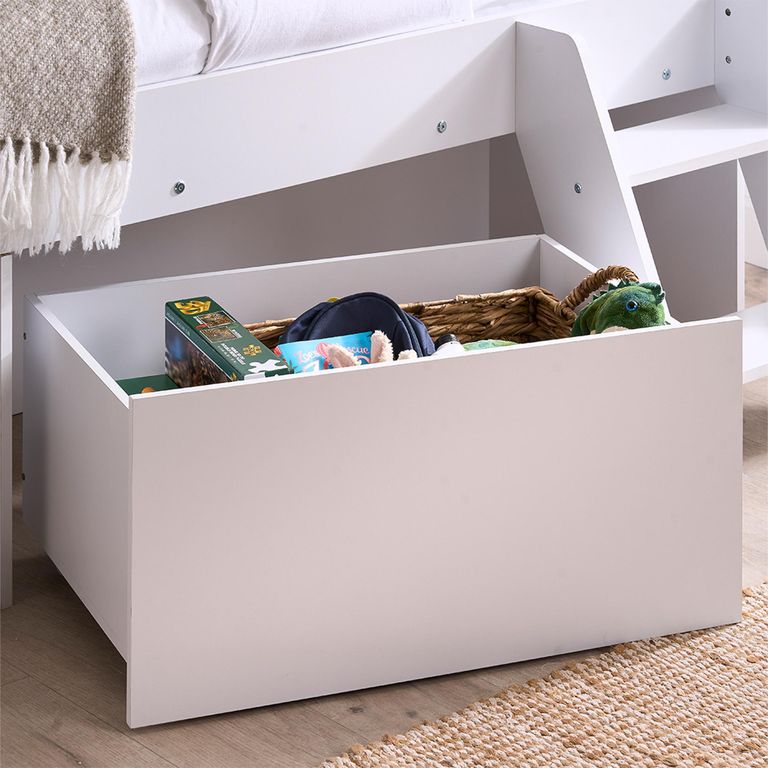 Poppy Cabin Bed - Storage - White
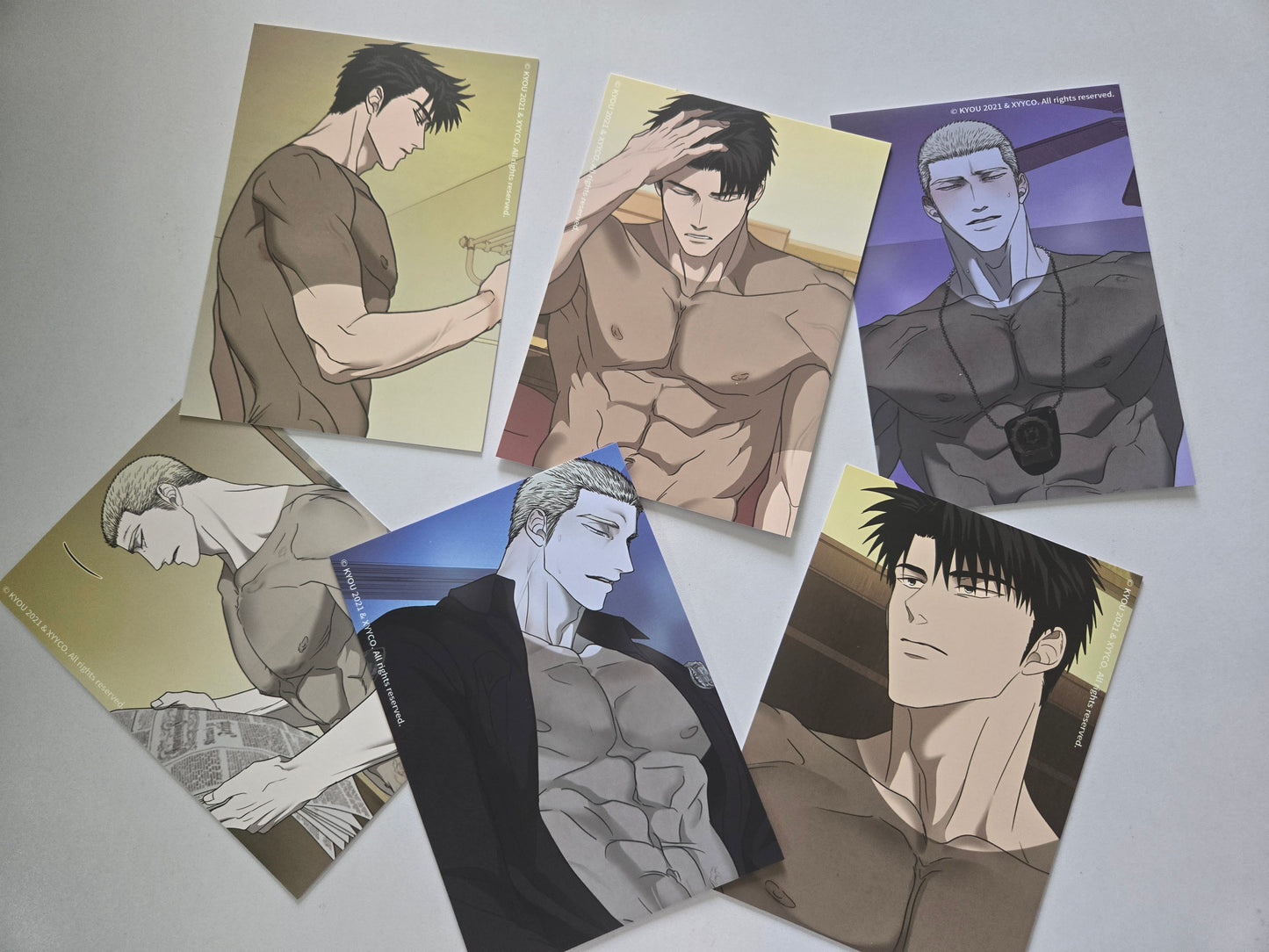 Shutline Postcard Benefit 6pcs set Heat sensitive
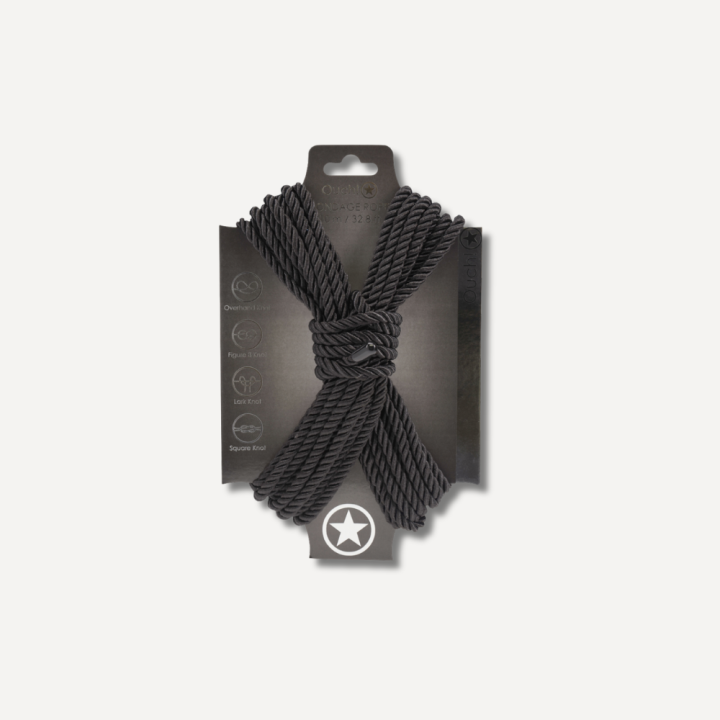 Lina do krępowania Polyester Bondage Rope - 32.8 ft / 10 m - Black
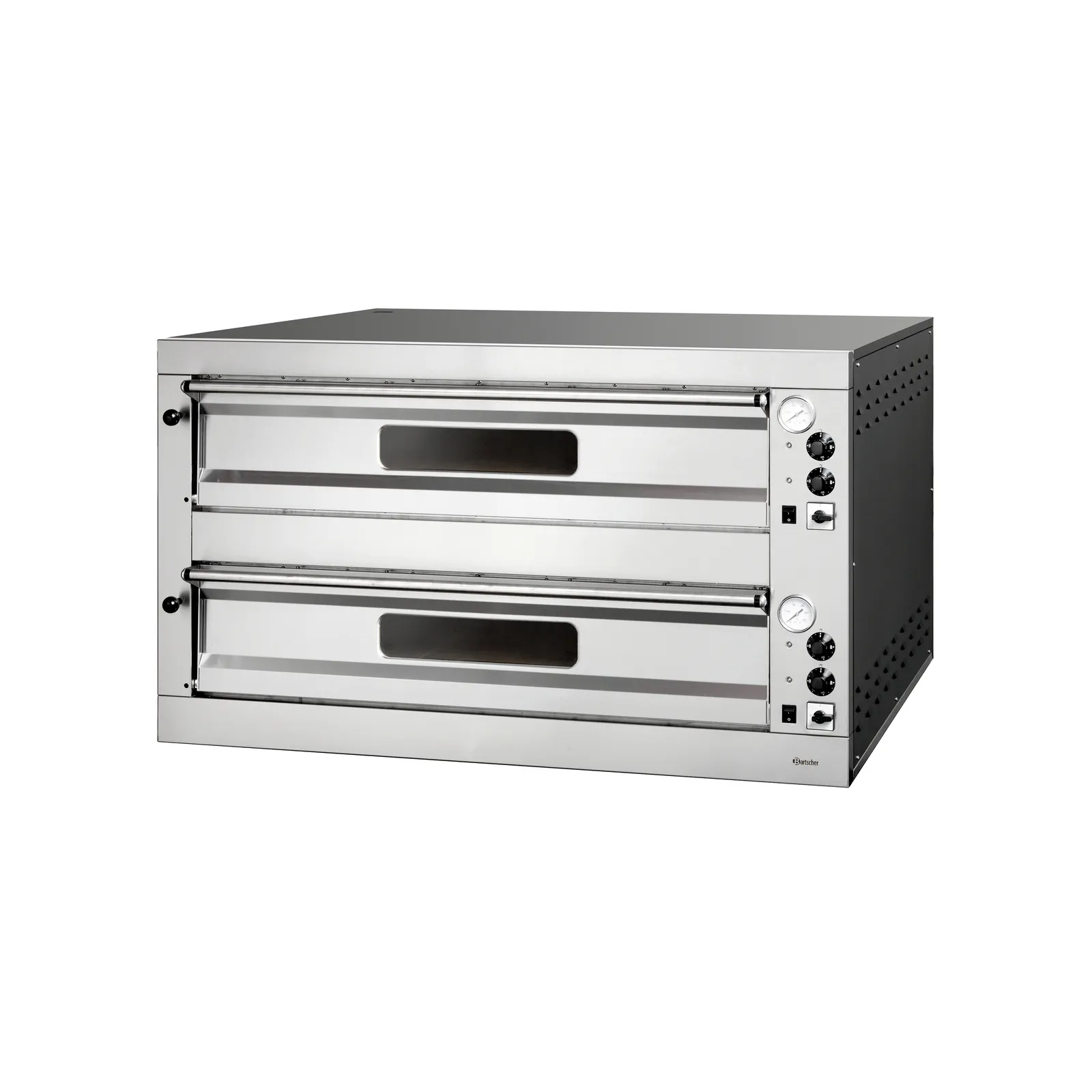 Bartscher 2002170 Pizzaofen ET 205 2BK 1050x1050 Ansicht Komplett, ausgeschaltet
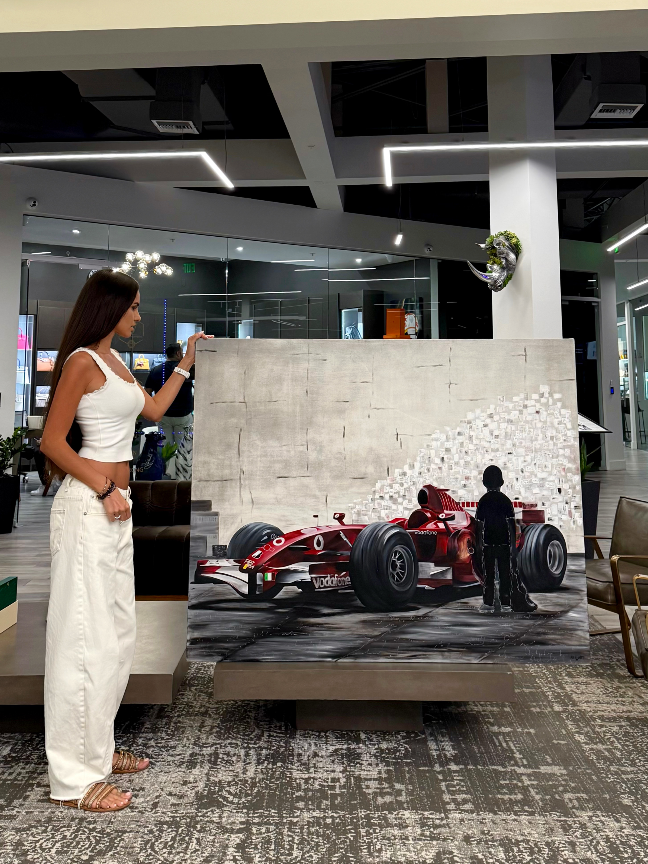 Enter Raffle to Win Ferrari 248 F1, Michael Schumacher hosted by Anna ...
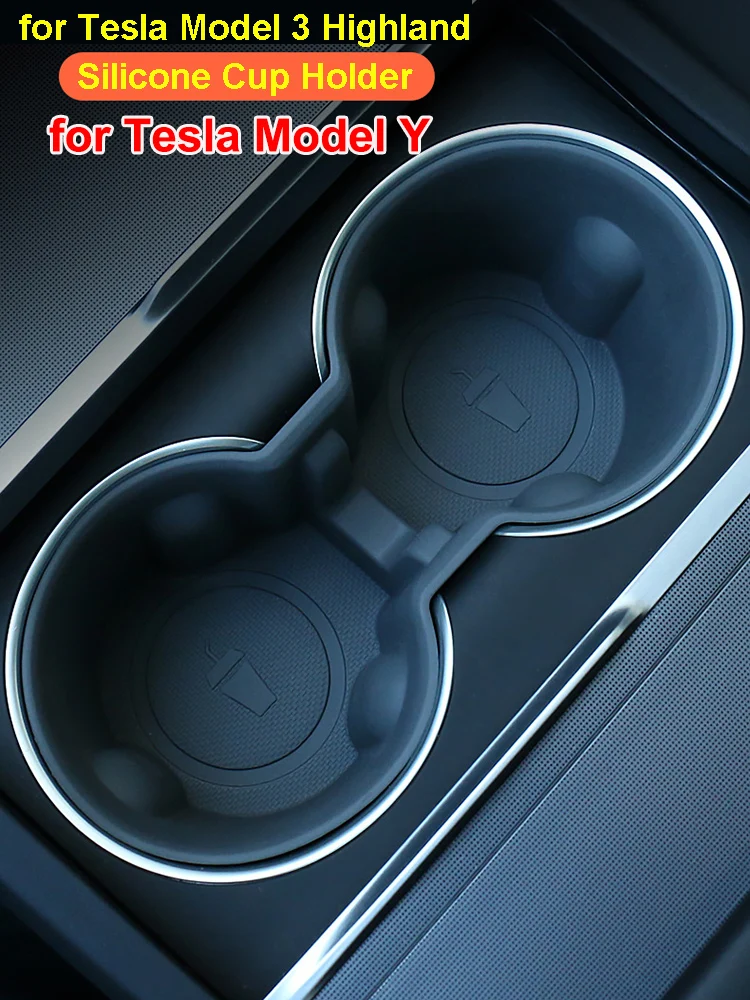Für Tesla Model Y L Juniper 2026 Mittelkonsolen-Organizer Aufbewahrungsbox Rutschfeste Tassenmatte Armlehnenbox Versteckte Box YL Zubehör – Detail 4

**Work instruction**
Exclude all images and return the listing word for word.

**Written solution**
 Poppy Cabin Bed - Storage - White
 Shutline Postcard Benefit 6pcs set Heat sensitive
 Lina do krępowania Polyester Bondage Rope - 32.8 ft / 10 m - Black
 Bartscher 2002170 Pizzaofen ET 205 2BK 1050x1050 Ansicht Komplett, ausgeschaltet
 Enter Raffle to Win Ferrari 248 F1, Michael Schumacher hosted by Anna ...
Für Tesla Model Y L Juniper 2026 Mittelkonsolen-Organizer Aufbewahrungsbox Rutschfeste Tassenmatte Armlehnenbox Versteckte Box YL Zubehör – Detail 4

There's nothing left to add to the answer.